=== Problem description ===
Without the pictures, reproduce the records that follow exactly.
★ ★ ★ ★ ★ ★ ★
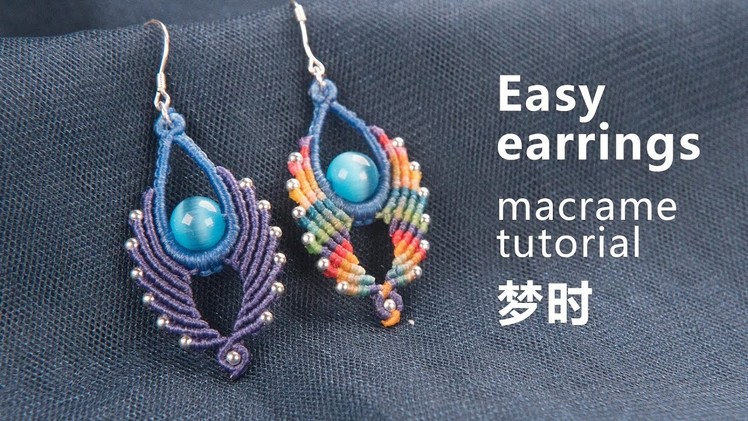 #earrings macrame tutorial Water drops and wings #DIY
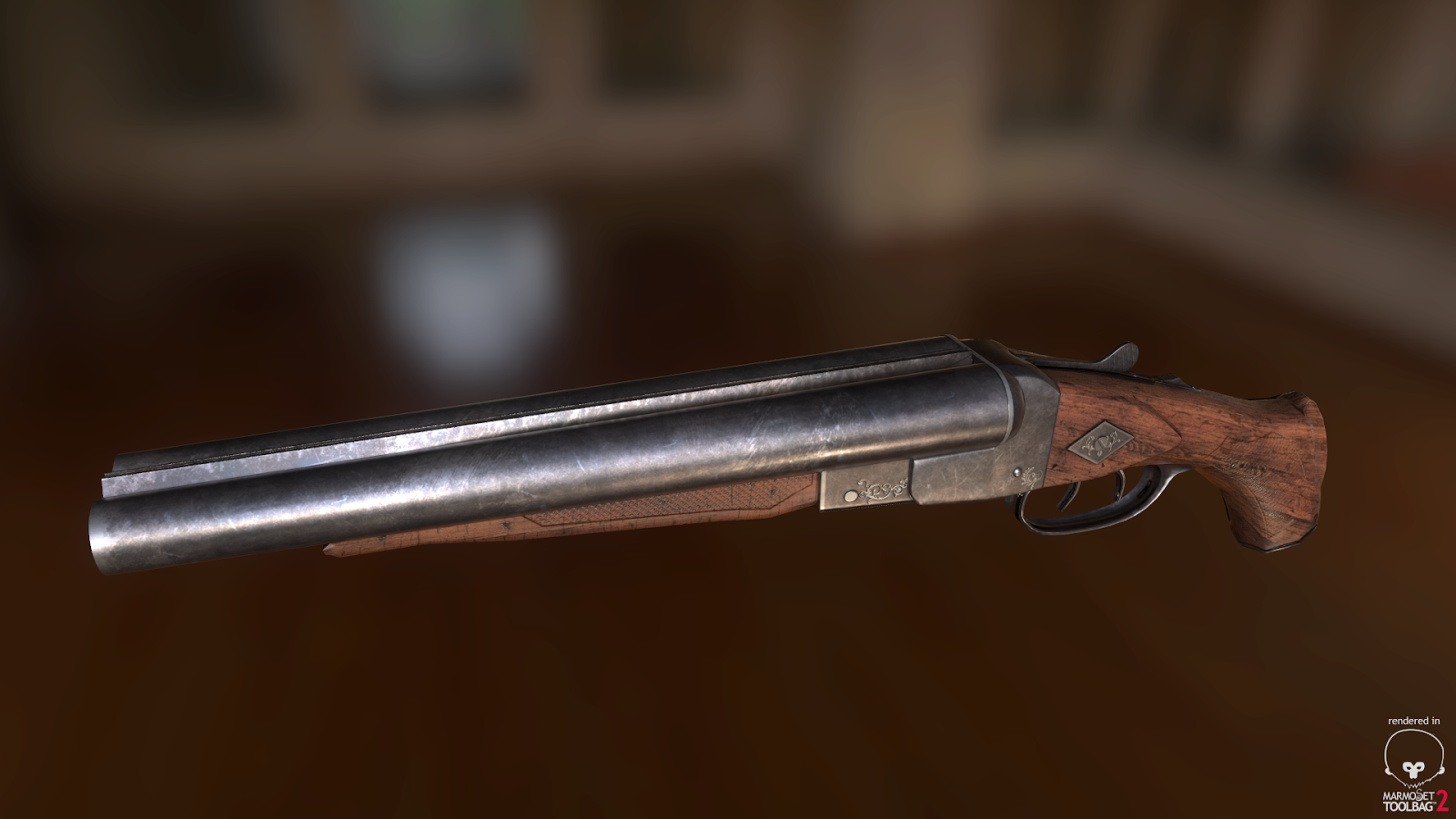 JeanSebastien Olivier Portfolio Sawed Off Shotgun Low Poly W.I.P.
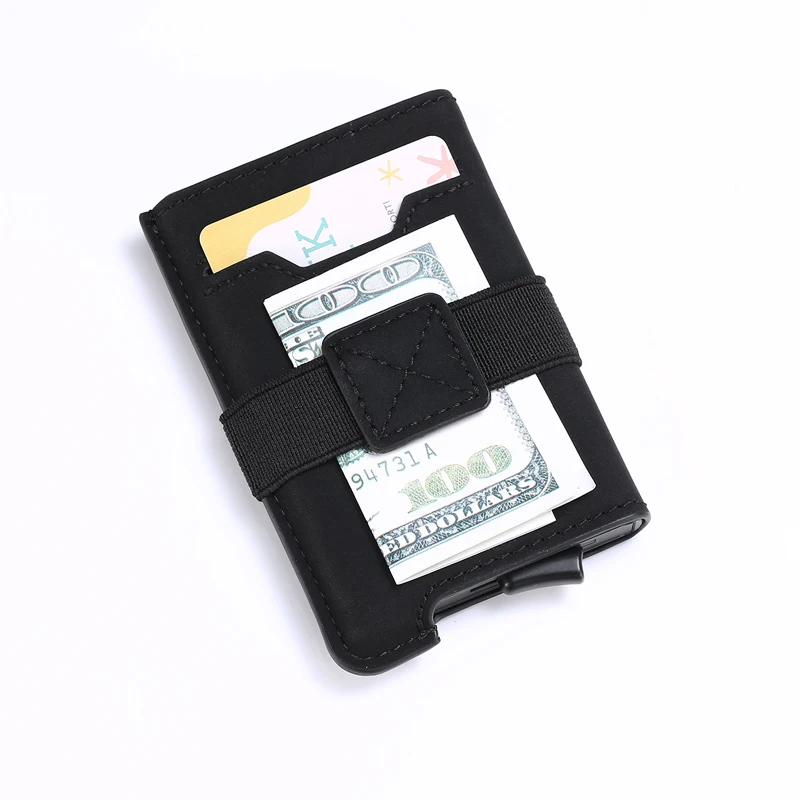 С функцией блокировки RFID кредитной держатель для карт Для мужчин минималистский Умный кошелек проходит металлический кожаный мужской тонкий банк алюминиевого карточного держателя карты Чехол - Цвет: Black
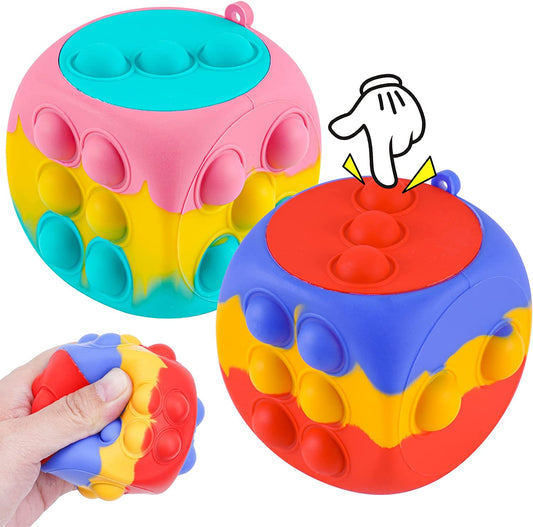 3D Dice Push Pop Bubble Fidget Sensory Toy 2PC Large Size Silicone Stretchy Ball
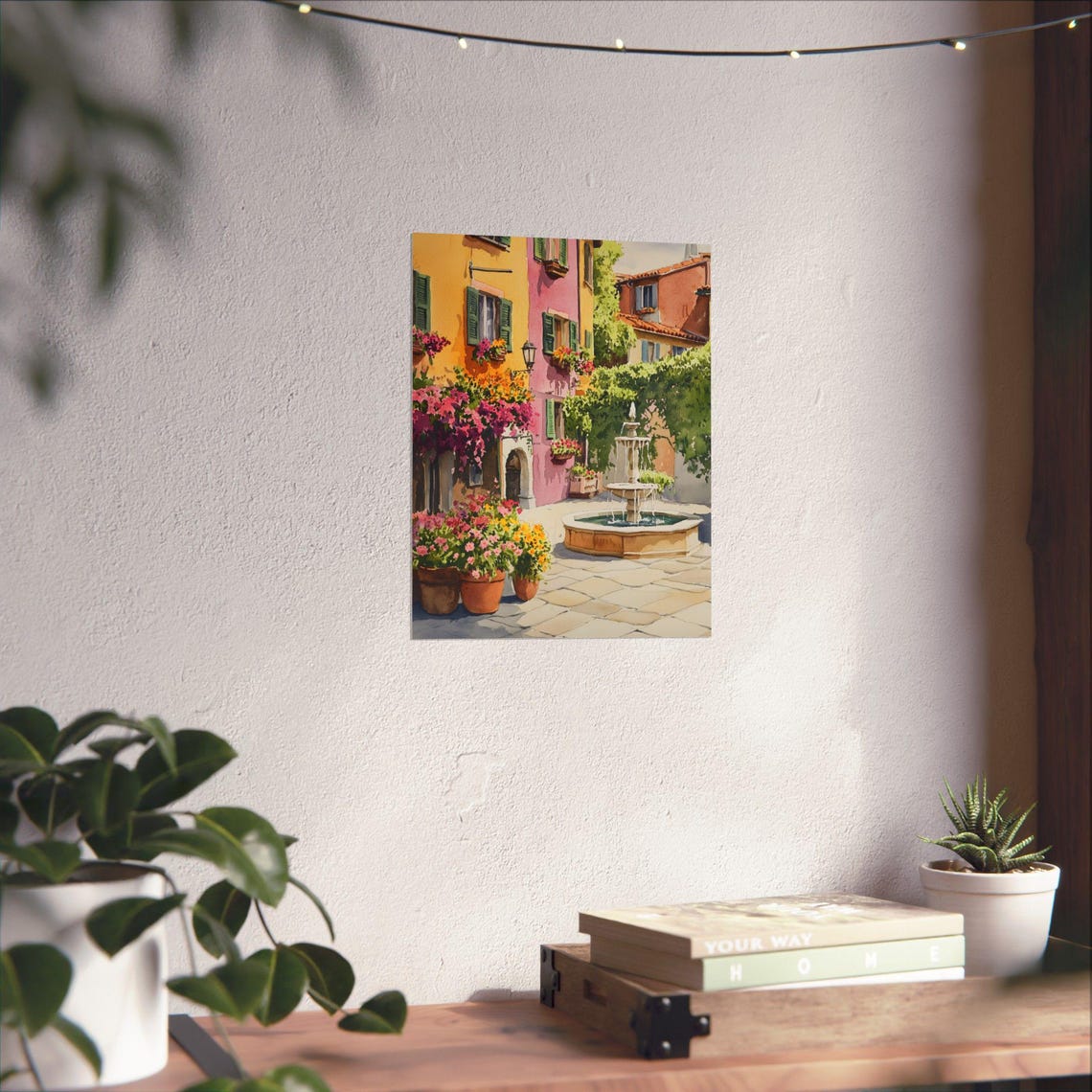 Italian Piazza Fountain with Flower Pots Sunny Watercolor Poster - Image 3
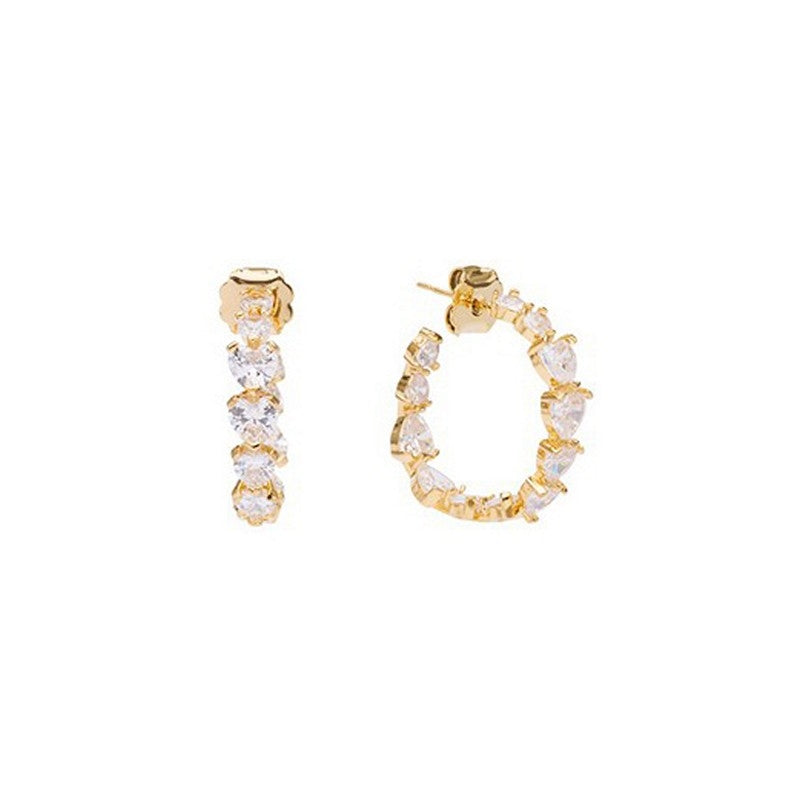 Crystal Heart hoops i 24 karat forgyldt messing med nanokrystaller – Pico Copenhagen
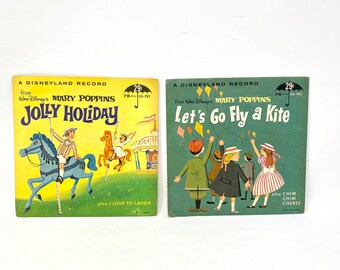 Vintage Mary Poppins Records, Let's Go Fly A Kite, Jolly Holiday, Children's 78 RPM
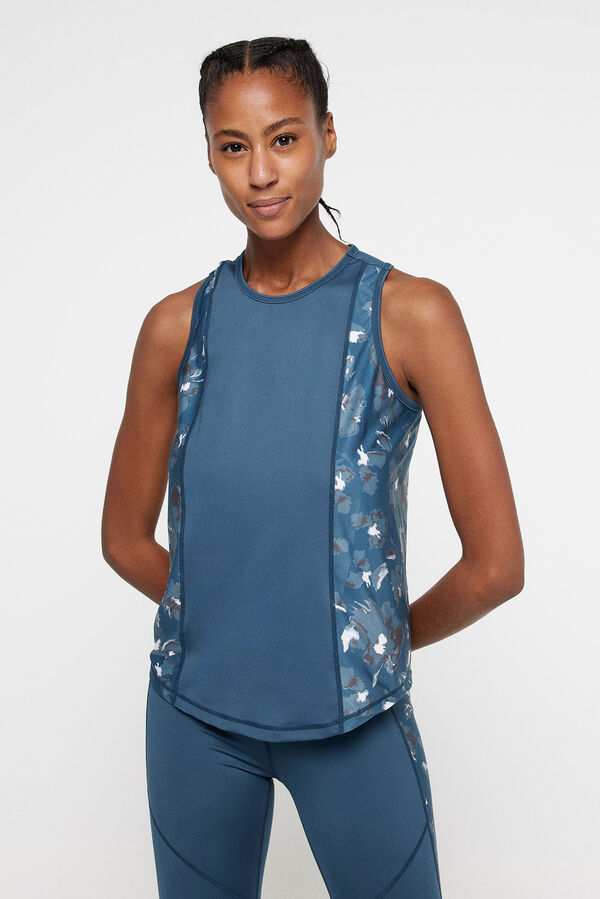 Only Play Camiseta banda estampada lateral azul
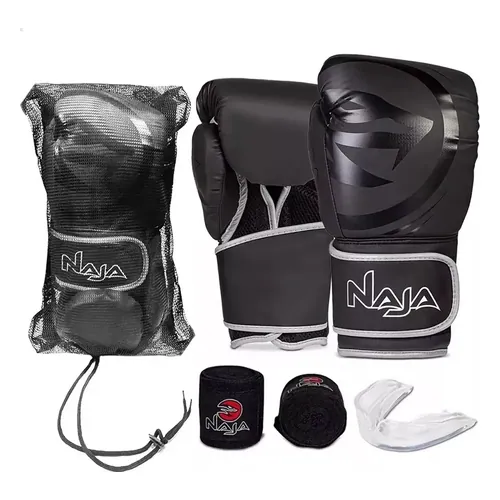 Kit Luva de Boxe Naja Black Line 16 oz Prata com Bandagem e Bucal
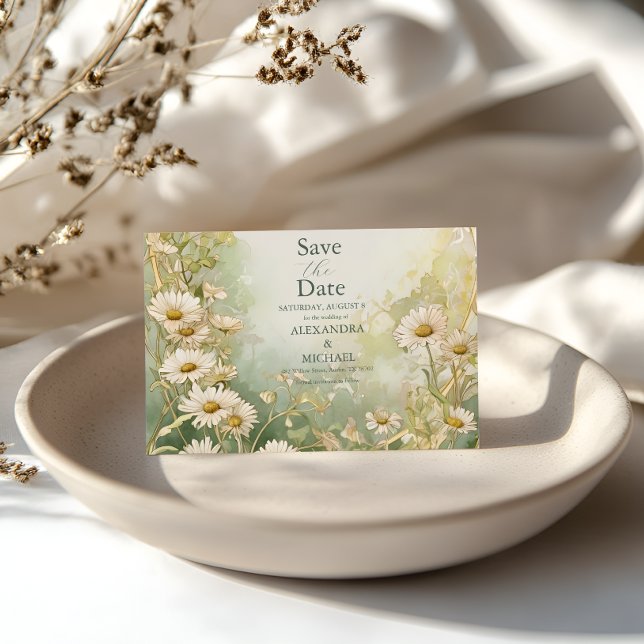 Art Nouveau Daisies Ivory Green Wedding Save The D Date (Creator Uploaded)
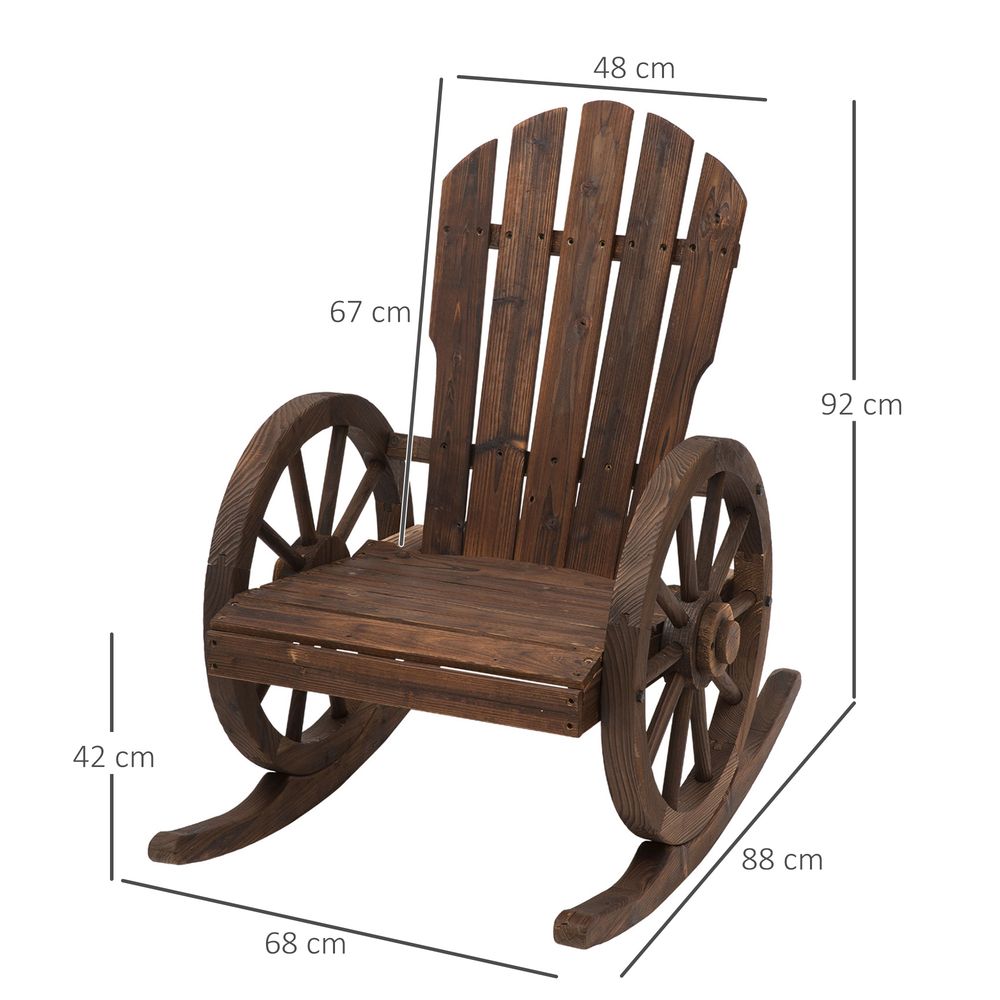 Adirondack Rocking Chair Porch Poolside Garden Lounging Outsunny S0671080243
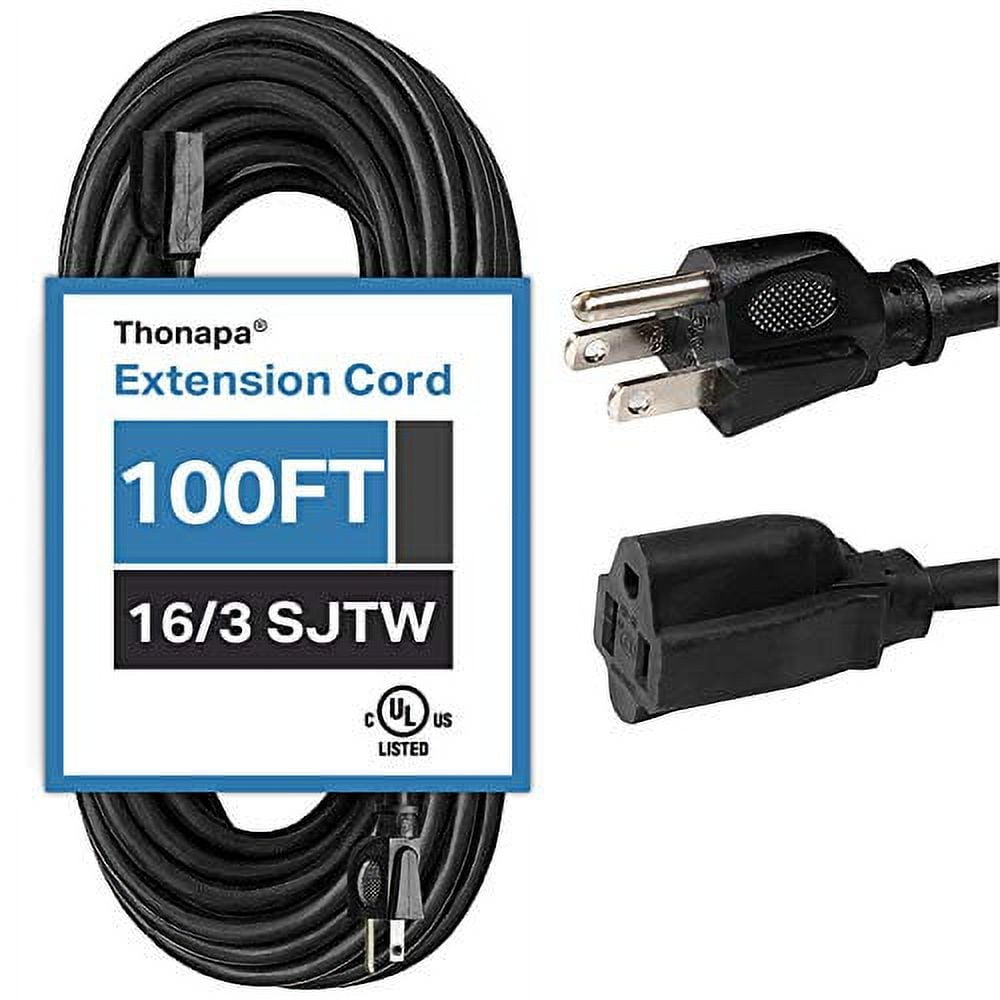 Thonapa 100 Ft Black Extension Cord - 16/3 Electrical Cable with 3 Prong Grounded Plug for Safety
★ ★ ★ ★ ★ ★ ★
=== Output for this task ===
 #earrings macrame tutorial Water drops and wings #DIY
 JeanSebastien Olivier Portfolio Sawed Off Shotgun Low Poly W.I.P.
 С функцией блокировки RFID кредитной держатель для карт Для мужчин минималистский Умный кошелек проходит металлический кожаный мужской тонкий банк алюминиевого карточного держателя карты Чехол - Цвет: Black
 3D Dice Push Pop Bubble Fidget Sensory Toy 2PC Large Size Silicone Stretchy Ball
 Italian Piazza Fountain with Flower Pots Sunny Watercolor Poster - Image 3
 Crystal Heart hoops i 24 karat forgyldt messing med nanokrystaller – Pico Copenhagen
 Vintage Mary Poppins Records, Let's Go Fly A Kite, Jolly Holiday, Children's 78 RPM
 Only Play Camiseta banda estampada lateral azul
 Kit Luva de Boxe Naja Black Line 16 oz Prata com Bandagem e Bucal
 Art Nouveau Daisies Ivory Green Wedding Save The D Date (Creator Uploaded)
 Adirondack Rocking Chair Porch Poolside Garden Lounging Outsunny S0671080243
 Thonapa 100 Ft Black Extension Cord - 16/3 Electrical Cable with 3 Prong Grounded Plug for Safety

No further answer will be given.